33For although he had acquired strong claims on the gratitude of Constantius by his seasonable sally with his troops before the battle of Mursa, and although he could boast the valorous exploits of his father Bonitus, a man of Frankish extraction, but who had espoused the party of Constantine, and often in the civil war had exhibited great prowess against the troops of Licinius, still he always feared him as a prince of wavering and fickle character.

34Now before any of these events had taken place in Gaul, it happened that one day in the Circus Maximus at Rome, the populace cried out with a loud voice, “Silvanus is conquered.” Whether influenced by instinct or by some prophetic spirit, cannot be decided.

35Silvanus having been slain, as I have narrated, at Agrippina, the emperor was seized with inconceivable joy when he heard the news, and gave way to exceeding insolence and arrogance, attributing this event also to the prosperous course of his good fortune; giving the reins to his habitual disposition which always led him to hate men of brave conduct, as Domitian in former times had done, and desiring at all times to destroy them by every act of opposition.

36And he was so far from praising even his act of diligence and fidelity, that he recorded in writing a charge that Ursicinus had embezzled a part of the Gallic treasures, which no one had ever touched. And he ordered strict inquiry to be made into the fact, by an examination of Remigius, who was at that time accountant-general to Ursicinus in his capacity of commander of the heavy troops. And long afterwards, in the time of Valentinian, this Remigius hung himself on account of the trouble into which he fell in the matter of his appointment as legate in Tripolis.

37And after this business was terminated, Constantius, thinking his prosperity had now raised him to an equality with the gods, and had bestowed on him entire sovereignty over human affairs, gave himself up to elation at the praises of his flatterers, whom he himself encouraged, despising and trampling under foot all who were unskilled in that kind of court.
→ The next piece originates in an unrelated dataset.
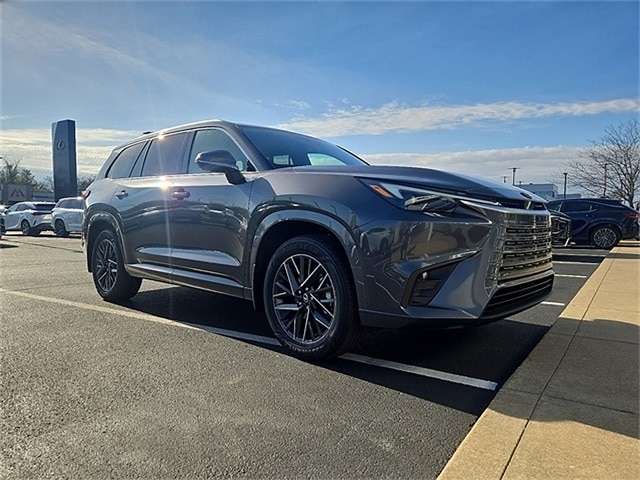 2026 Lexus TX Premium's photo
As we read that Crœsus, when he was king, drove Solon headlong from his court because he would not fawn on him; and that Dionysius threatened the poet Philoxenus with death because, when the king recited his absurd and unrhythmical verses, he alone refused to fall into an ecstasy while all the rest of the courtiers praised them.

38And this mischievous taste is the nurse of vices; for praise ought only to be acceptable in high places, where blame also is permitted when things are not sufficiently performed.